Thomas Mueller · Answer 1 · Fri Sep 11 2020 03:50:15 GMT+0800 (China Standard Time)

I assume you mean false positive rate, right? I know some libraries provide functions to e.g. calculate the bits per entry for a false positive rate, or the false positive rate for a given bits per entry, or the size of the filter (memory used) from rate and entry count, and so on. Yes I agree it would be a good addition!

nathanhack · Answer 2 · Fri Sep 11 2020 03:56:59 GMT+0800 (China Standard Time)

Sorry, yes, I meant false positive rate.

nathanhack · Answer 3 · Fri Sep 11 2020 07:46:11 GMT+0800 (China Standard Time)

In particular, I'm interested in the case of setting a fixed size and letting the positive rate fluctuate as the keys are inserted.
@thomasmueller do you have any suggestion on how the repo might be changed to include such a feature? As time permits, I'll work on it and if/when I get it done I can put in a PR if that is something the repo owners would like.

Thomas Mueller · Answer 4 · Fri Sep 11 2020 15:40:28 GMT+0800 (China Standard Time)

setting a fixed size and letting the positive rate fluctuate as the keys are inserted.

A xor filter, unlike a Bloom filter, is built once all keys are present. A Bloom filter allows to add entries afterwards, but a xor filter does not. So what you are looking for might not be possible I'm afraid...

nathanhack · Answer 5 · Fri Sep 11 2020 21:12:42 GMT+0800 (China Standard Time)
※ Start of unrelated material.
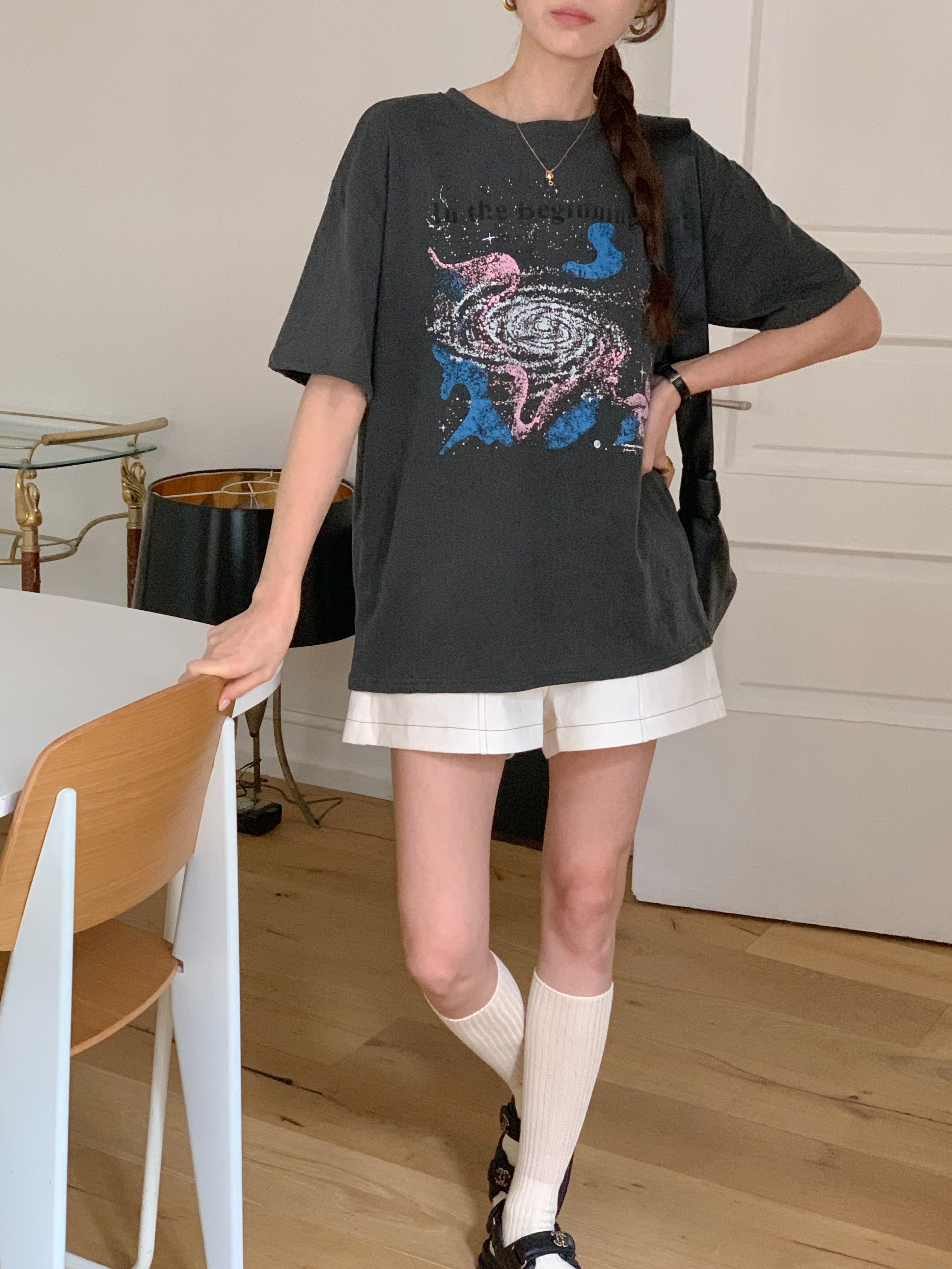 Beginningプリント半袖Tシャツ | 詳細画像4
Yeah to clarify, I indeed meant all at once, such that you set the size and let the error rate suffer.
After briefly looking at the paper, I would hazard a guess the main issue would be how to choose the hashing functions? Because, if I understand it correctly we basically keep trying new hashing until we get everything in, but with a fixed size this would always fail. If true then the simplest approach would be to keep track of the best set of hashes and at the end of MaxIterations, just use the best hashes. That way if the user wishes to continue trying their luck they can just increase MaxIterations. It seems like there should be some way to calculate the expected error rate based on the fixed size but I don't recall seeing that explicitly written down in the paper (maybe it was or maybe it could be derived but I honestly don't know it would require a through reading).

Thomas Mueller · Answer 6 · Fri Sep 11 2020 23:28:19 GMT+0800 (China Standard Time)
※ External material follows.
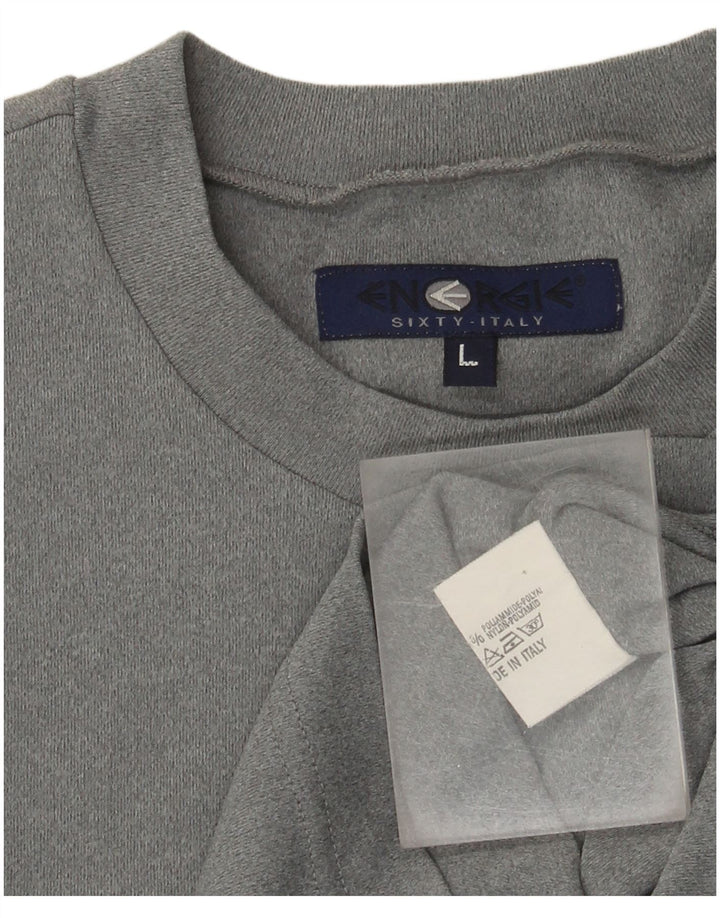 Футболка с рисунком для мальчиков Energie, топ 13–14 лет, большой размер, серый полиамид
I indeed meant all at once

Ah ok! Yes that works then.

you set the size and let the error rate suffer.

The implementation here (the current implementation) only supports 8 bit fingerprints (uint8). It doesn't support smaller or larger fingerprints right now. So I'm afraid this doesn't currently work... It's possible to add more implementations, but we believe it's not currently worth it... Of course feel free to provide a patch!

increase MaxIterations

No I'm afraid that's not a solution... What you could change a tiny bit is this line:

capacity := 32 + uint32(math.Ceil(1.23*float64(size)))
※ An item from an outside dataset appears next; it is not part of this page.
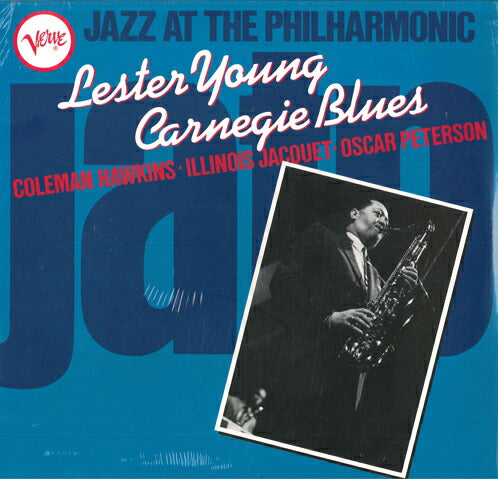 Lester Young Carnegie Blues LP Verve Records Near Mint Record Only No Obi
and, for example, try to use 1.229 instead of 1.23. It would work sometimes. But probability to find a seed reduces drastically, and very quickly... It's not something I would try. With a regular Bloom filter, yes you can just make it smaller and it will still "work" (just with a bad false positive rate), but not a xor filter.

Brian Olson · Answer 7 · Fri Apr 09 2021 05:51:12 GMT+0800 (China Standard Time)

I implemented xor16 and I think I got it generalized also to xorN (for [9..32] bits).
https://github.com/brianolson/xorfilter/tree/xor16
There's some other stuff in there about maintaining a fork in case this work didn't make it back upstream, but that shouldn't be hard to un-diff.

Daniel Lemire · Answer 8 · Fri Jun 18 2021 23:24:23 GMT+0800 (China Standard Time)

@brianolson Your generic implementation seems to set the memory usage to 32-bit per entry. I understand that you can write only the least significant N bits of each word to disk or to the network, and then upsample when deserializing... but it comes at a cost.